Lawatan Ibnu Battuta ke Sumatera pada Abad Ke-14 M
Oleh: Azhar Rasyid
Ibnu Battuta dikenal sebagai salah seorang petualang terbesar sepanjang masa. Lahir di Tangier, Maroko, pada 24 Februari 1304, dan terpelajar dalam bidang yurisprudensi Islam, sepanjang hidupnya ia mengelilingi berbagai belahan dunia yang jauh dari tanah kelahirannya. Tempat-tempat yang didatanginya antara lain adalah Mesir, Jazirah Arabia, Suriah, Irak, Iran, Turki, Afghanistan, India, Srilanka, Bangladesh, Sumatera, Semenanjung Malaya, dan Cina.
Bila dihitung dalam kilometer, jarak yang ditempuhnya untuk mengelilingi dunia mencapai angka 120.000 km. Mempertimbangkan masih sederhananya sarana transportasi yang tersedia dan rintangan yang dihadapi, ini adalah angka yang sangat besar bila. Sebagai perbandingan, petualang Italia ternama yang hidup sezaman dengan Ibnu Battuta, Marco Polo (1254-1324), selama 24 tahun masa petualangannya menempuh jarak 24.000 km. Sekitar seperlima dari jarak total yang ditempuh Ibnu Battuta.
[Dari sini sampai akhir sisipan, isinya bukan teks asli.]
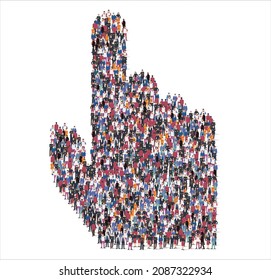 People and business group in the form of point the finger symbol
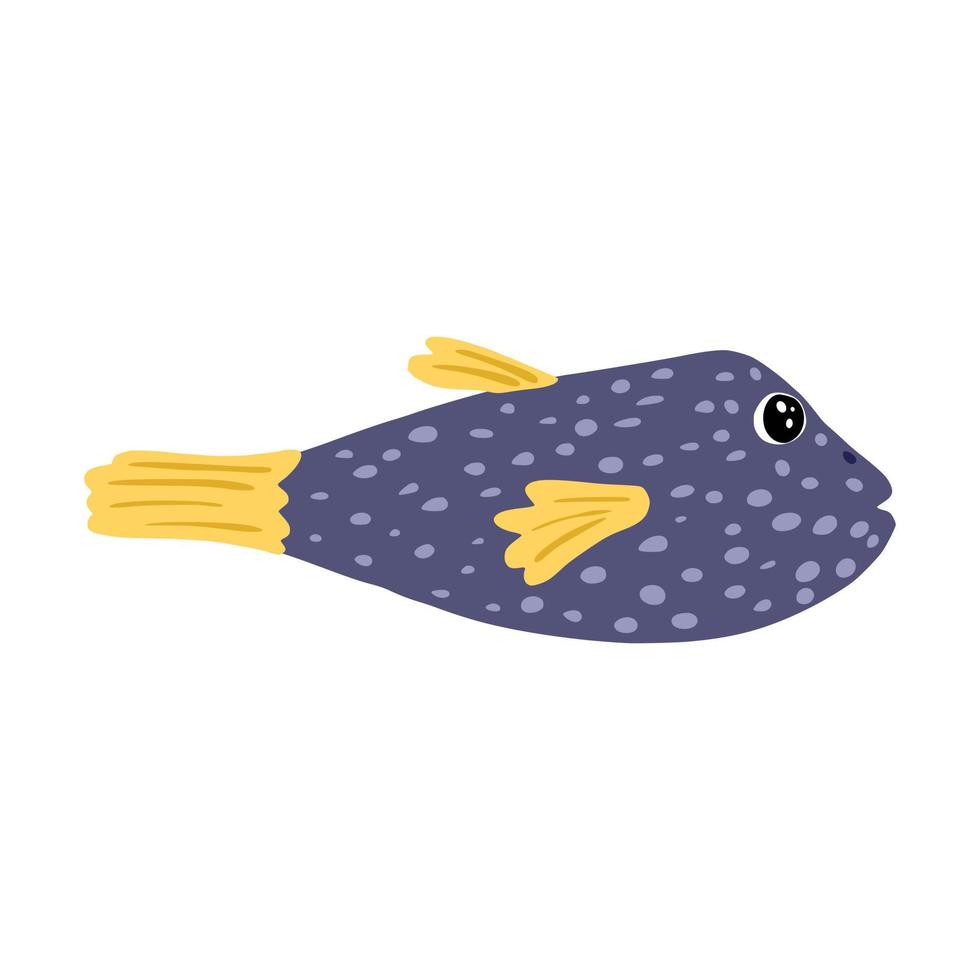 Puffer isolated on white background. Cute aquatic character blue color in hand drawn style. vector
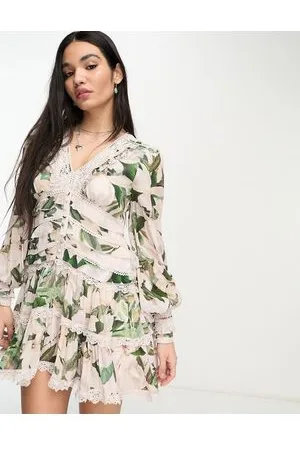 AllSaints Zora Alessandra - Vestito corto rosa a fiori verdi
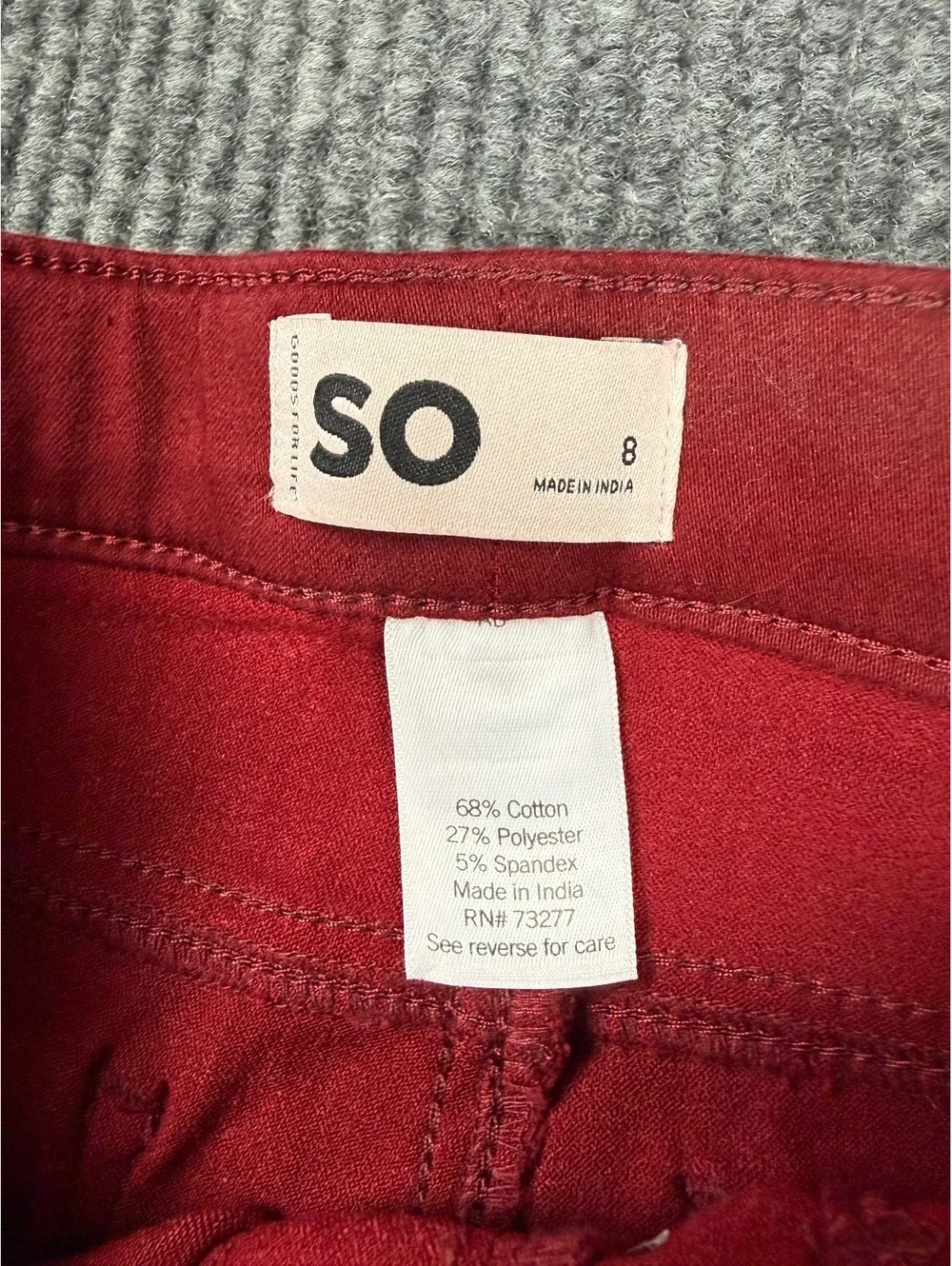 SO Girls Ultimate Twill Jeggings Size 8 Maroon Pull On NWT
Petualangan Ibnu Battuta mehjasilakna banyak karya, yang paling ternama adalah Tuḥfat an-Nuẓẓār fī Gharāʾib al-Amṣār wa ʿAjāʾib al-Asfār, yang lebih dikenal sebagai Rihlah atau buku perjalanan Ibnu Battuta. Para sejarawan menekankan bahwa buku ini bukanlah sekedar catatan tentang nama tempat di berbagai belahan dunia, melainkan juga berisi narasi yang mengisahkan keragaman budaya masyarakat dunia, khususnya di dunia Islam. Mempelajari buku ini membuat orang memahami tentang keadaan sosial, budaya, politik dan keagamaan di banyak tempat di tiga benua (Afrika, Asia dan Eropa).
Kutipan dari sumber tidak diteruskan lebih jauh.